A study published earlier this year analyzed 31 such supplements and found that two out of three did not match the dosage on their labels6. Some brands contained less than one-fifth of the advertised dose, and others contained four times more. Some also contained the neurotransmitter serotonin, which is toxic at high doses.

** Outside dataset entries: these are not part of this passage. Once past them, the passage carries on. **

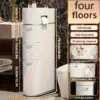 StoreLux™ luksuzna polica za odlaganje za prostore između nameštaja – 4 nivoa-middle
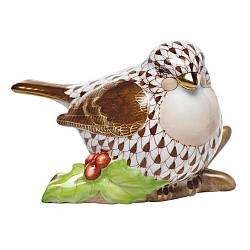 Herend   Animals   Birds - Herend Little Bird On Holly Chocolate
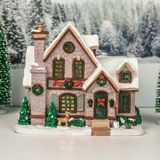Lemax - 'White Christmas' - Bâtiment éclairé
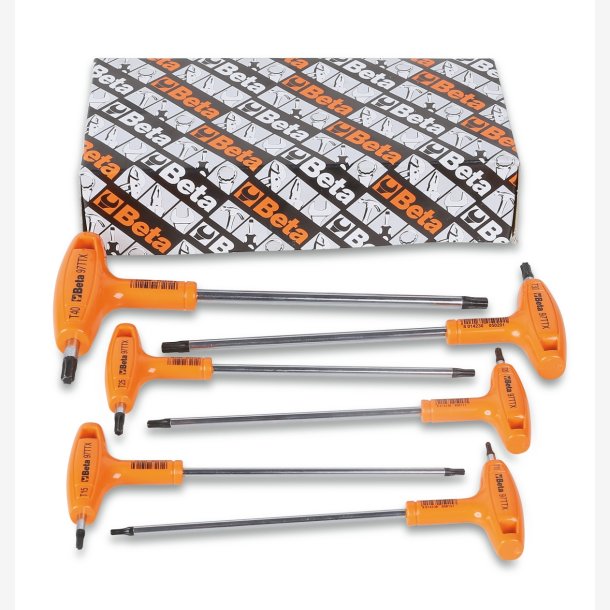 Beta-vinkel torx-n�gler med h�ndtag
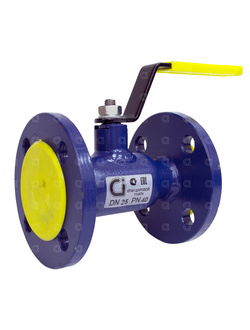 Кран шаровый фланцевый Д80 PN16 11с67п Ci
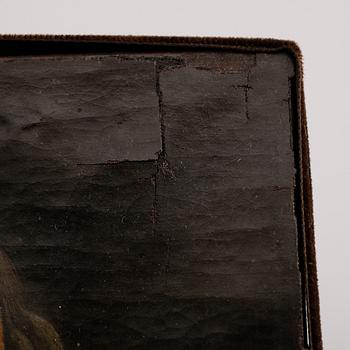 OKÄND KONSTNÄR, olja på duk, ej signerad, 1800-talets första hälft.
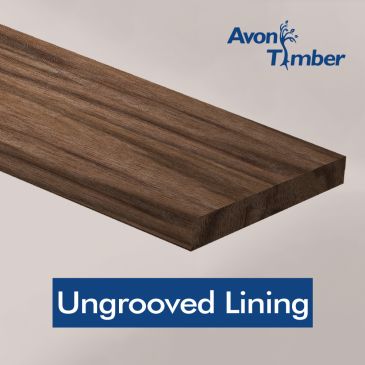 PLAIN FACED SOLID WALNUT DOOR LINING SET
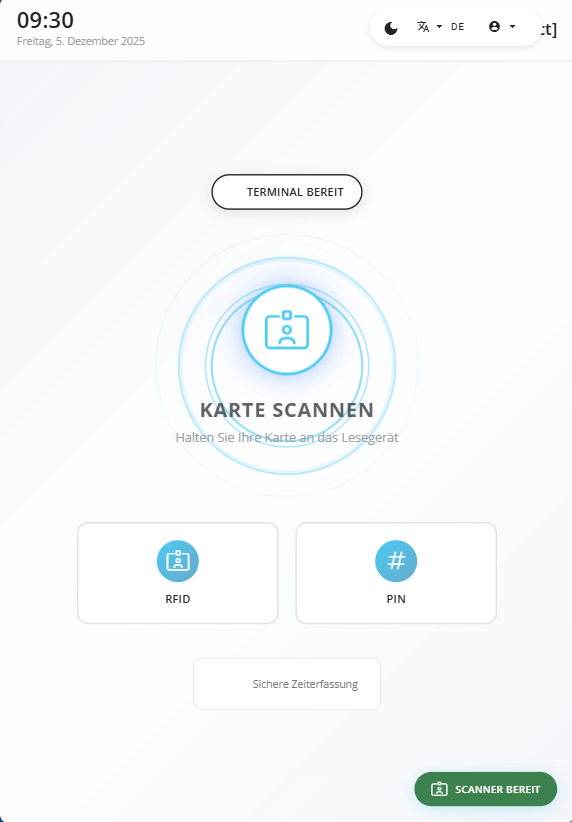 Terminal Karte scannen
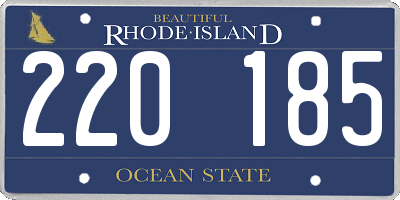 RI license plate 220185
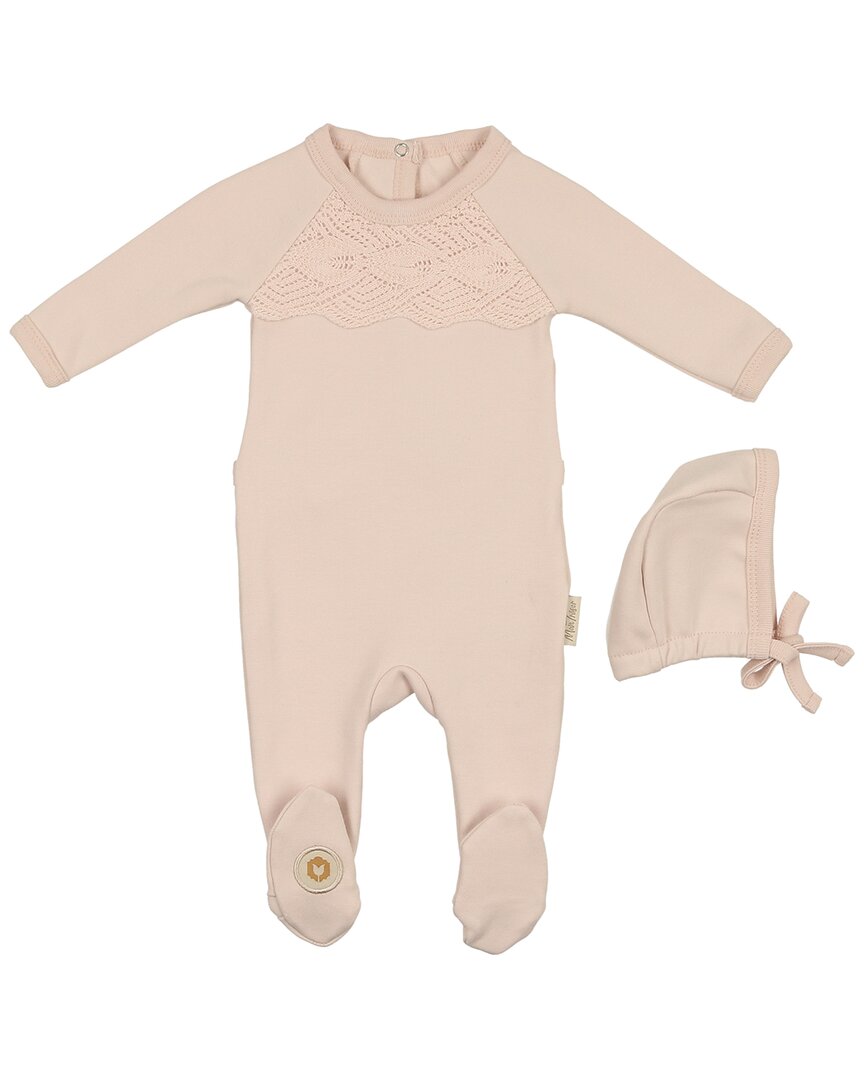 Mon Tresor Look Of Lace Footie & Hat Set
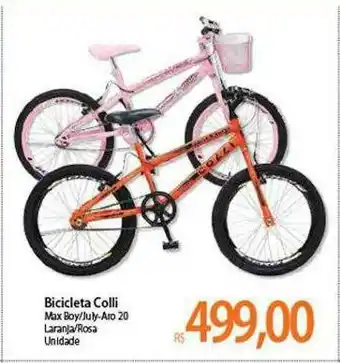 Atacadão Bicilceta Colli Max Boy July Aro 20 oferta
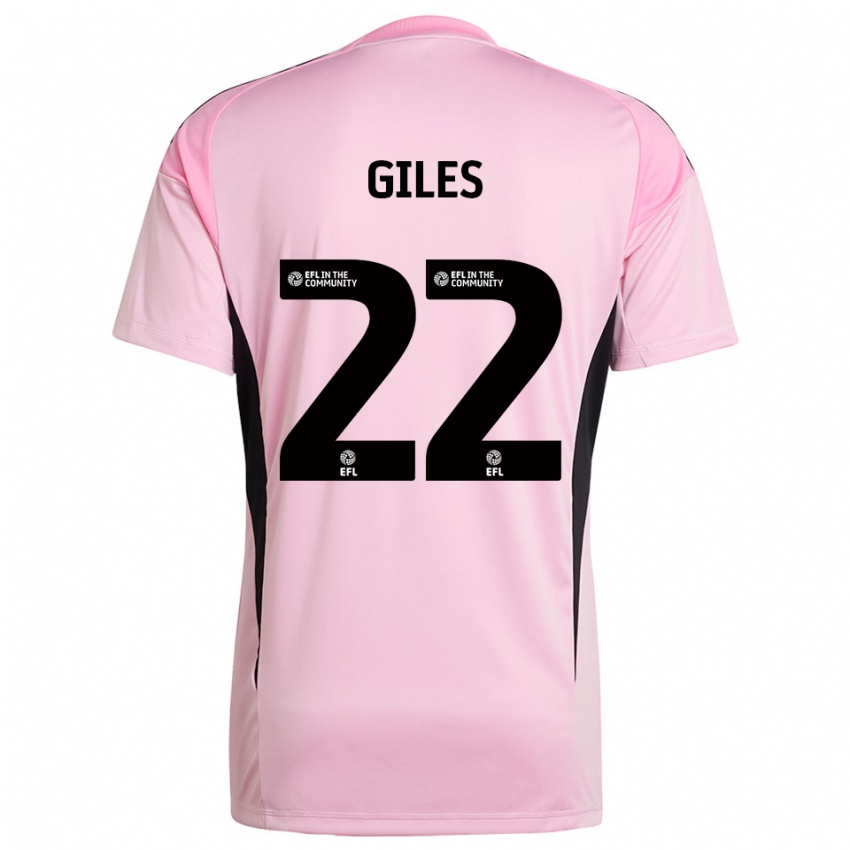 גברים Olivia Giles #22 שחור ורוד חולצת שוער 2025/26 חולצה קצרה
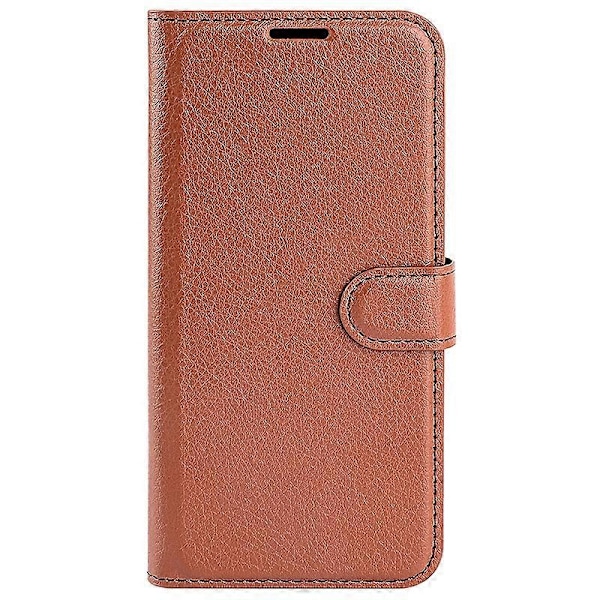 För iPhone 16 Fodral Plånbok Läder Telefonskal Litchi Textur Multicolor Style A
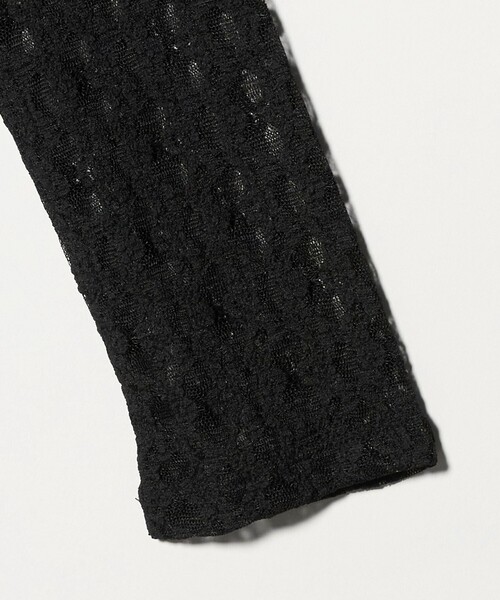 green label relaxing(グリーンレーベルリラクシング)の「【WEB限定】<at ease>シャーリングレース プルオーバー カットソー(Tシャツ/カットソー・レディース・ブラック/ホワイト・FREE)」の18枚目の写真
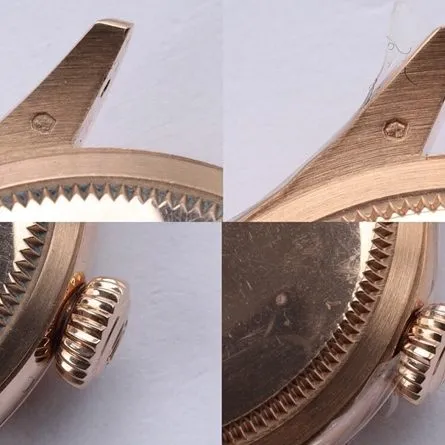 EWRolex Cellini watch genuine and fake comparison review front side comparison picture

“The supplements tend to be quite imprecise in terms of the dosage, and we can’t be sure what’s in them,” says Craig Canapari, a pediatric sleep specialist and director of the Yale Sleep Medicine Program. “My patients ask which brands they should take, and I tell them I have no idea.”

The new pill may address this pitfall. Made by Neurim Pharmaceuticals, based in Israel, the tiny pill contains a precise dose of the hormone and is easy for children to swallow.

The slow-release formulation mimics the way the body secretes melatonin into the bloodstream, says Olivia Veatch, a research fellow at the Center for Sleep and Circadian Neurobiology at the University of Pennsylvania, who was not involved in the trial. “While a single-release melatonin may help someone to fall asleep more quickly, prolonged release is more likely to help someone stay asleep throughout the night,” she says.

After 13 weeks of treatment, children who received the pill slept, on average, an hour longer than they used to. They also fell asleep an average of about 40 minutes faster.

“One more hour of sleep is a pretty significant outcome,” Canapari says. “Looking at a result like this, I would absolutely consider prescribing this for my patients if their insurance would cover it.”

Biological basis:

All studies of melatonin to date show that only some children respond to it. Some doctors, such as Canapari, believe there is little harm in people trying it to see if it works for them. But understanding how different people process melatonin might eventually lead to a way of predicting who would benefit from it.

Sleep problems can arise from low levels of melatonin. Some people with autism carry mutations in an enzyme involved in melatonin production. Supplements containing melatonin may increase the levels of the hormone in these individuals.

For example, four children in the new trial have Smith-Magenis syndrome, a rare condition related to autism. There is some evidence suggesting that people with the syndrome have an inverted melatonin rhythm — meaning melatonin is at peak levels during the day as opposed to at night7. That may explain why these children responded as well as they did to the pill, says Veatch.

“It is definitely likely that supplemental melatonin is treating a deficiency in endogenous melatonin production during the night in this population,” she says.

Evidence for low levels of melatonin in other children with autism is mixed: A 2012 study suggested that teenagers with autism have less melatonin in their urine than typical teenagers do during the day and night8. But two years later, another study reported no difference in melatonin levels between children with autism and controls9.

“I think a lot more needs to be done in terms of the melatonin deficiency question,” Malow says. “I think it’s a jump to conclude there’s a melatonin deficiency.”

Neurim Pharmaceuticals is taking steps toward gaining FDA approval for the pill.

  1. Wirojanan J. et al. J. Clin. Sleep Med. 5, 145-150 (2009) PubMed
  2. Malow B. et al. J. Autism Dev. Disord. 42, 1729-1737 (2012) PubMed
  3. Cortesi F. et al. J. Sleep Res. 21, 700-709 (2012) PubMed
  4. Gringras P. et al. J. Am. Acad. Child Adolesc. Psychiatry Epub ahead of print (2017) Abstract
  5. Janjua I. and R.D. Goldman Can. Fam. Physician 62, 315–317 (2016) PubMed
  6. Erland L.A. and P.K. Saxena J. Clin. Sleep Med. 13, 275–281 (2017) PubMed
  7. Potocki L. et al. J. Med. Genet. 37, 428-433 (2000) PubMed
  8. Tordjman S. et al. Psychoneuroendocrinology 37, 1990-1997 (2012) PubMed
  9. Goldman S.E. et. al. J. Autism Dev. Disord. 44, 2525–2535. (2014) PubMed

A previous version of this article referred to serotonin as a controlled substance.